The model described in this card detects one or more faces in the given image / video. Compared to the PeopleNet model, this model gives better results detecting large faces, such as faces in webcam images.
The model is based on NVIDIA DetectNet_v2 detector with ResNet18 as a feature extractor. This architecture, also known as GridBox object detection, uses bounding-box regression on a uniform grid on the input image. Gridbox system divides an input image into a grid which predicts four normalized bounding-box parameters (xc, yc, w, h) and confidence value per output class.
The raw normalized bounding-box and confidence detections needs to be post-processed by a clustering algorithm such as DBSCAN or NMS to produce final bounding-box coordinates and category labels.
The training algorithm optimizes the network to minimize the localization and confidence loss for the objects. The training is carried out in two phases. This model was trained using the DetectNet_v2 training app in TLT v3.0. In the first phase, the network is trained with regularization to facilitate pruning. Following the first phase, we prune the network removing channels whose kernel norms are below the pruning threshold. In the second phase the pruned network is retrained. Regularization is not included during the second phase.

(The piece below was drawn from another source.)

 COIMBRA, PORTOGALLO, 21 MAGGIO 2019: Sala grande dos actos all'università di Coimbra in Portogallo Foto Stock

Primary use case for this model is to detect faces from an IR (infrared) camera. The model can be used to detect faces from photos and videos by using appropriate video or image decoding and pre-processing. As a secondary use case the model can also be used to detect faces in RGB (color) images. However, this is not the main intended use for this model.
The datasheet for the model is captured in it’s model card hosted at NGC.